After finding that defendant had failed to prove acquisitive prescription of either *104910 or 30 years, the trial court thereafter studied the Gremillion survey and the Mes-sick survey and concluded that the line as fixed by the Gremillion survey was the correct boundary. Defendant’s appeal contests these findings of the trial court.
THE CIVIL CODE
The pertinent Civil Code articles for fixing a boundary line are as follows:
“Art. 792. Fixing of boundary according to ownership or possession
“The court shall fix the boundary according to the ownership of the parties; if neither party proves ownership, the boundary shall be fixed according to limits established by possession.

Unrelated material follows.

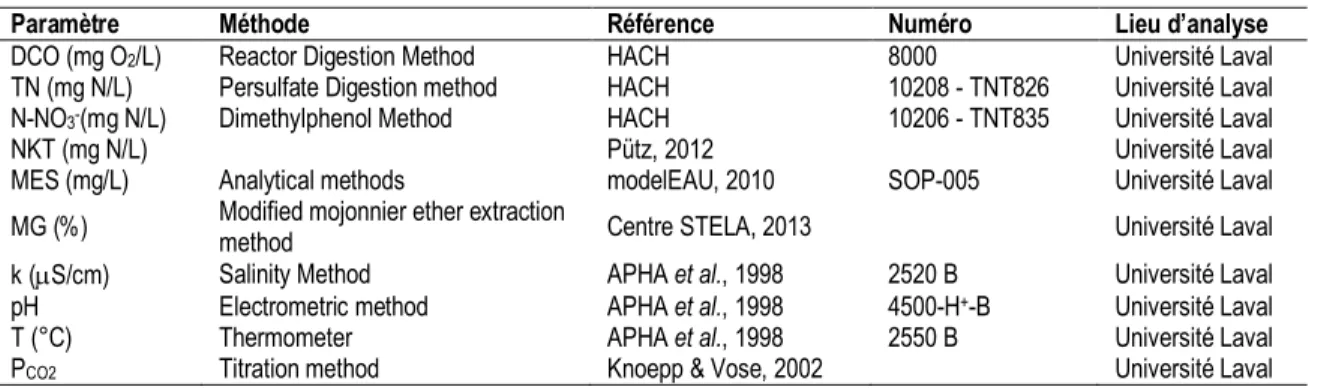 Tableau  3.5  :  Méthodes  utilisées  pour  l’analyse  des  paramètres  de  l’effluent  liquide  et  gazeux  du  biofiltre pilote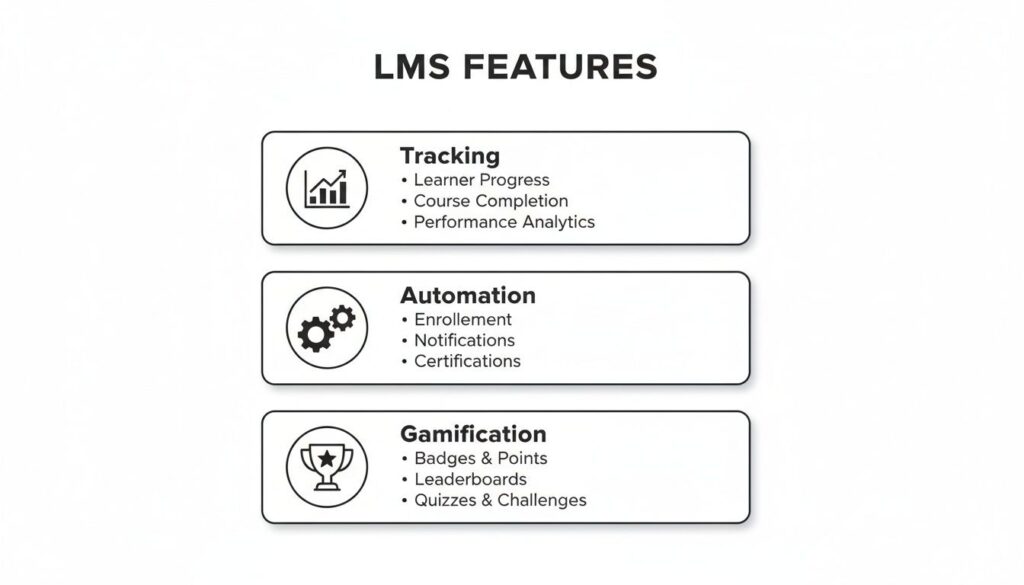 An infographic detailing LMS features: Tracking, Automation, and Gamification, with their respective benefits.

“Art. 793. Determination of ownership according to titles
“When both parties rely on titles only, the boundary shall be fixed according to titles. When the parties trace their titles to a common author preference shall be given to the more ancient title.
“Art. 794. Determination of ownership according to prescription
“When a party proves acquisitive prescription, the boundary shall be fixed according to limits established by prescription rather than titles. If a party and his ancestors in title possessed for thirty years without interruption, within visible bounds, more land than their title called for, the boundary shall be fixed along these bounds.”
Former C.C. art. 853 provided for a 10 year acquisitive prescription in fixing a boundary where there was active acquiescence of a visible boundary by the adjoining landowner for a period of 10 years. That article was not repealed until January 1, 1978.
ACQUISITIVE PRESCRIPTION
Defendant pleaded acquisitive prescription. Since acquisitive prescription takes precedence over claims based on titles, C.C. art. 794, the trial judge first considered the evidence for prescription, and found that the evidence failed to prove it. We find no error in this factual determination.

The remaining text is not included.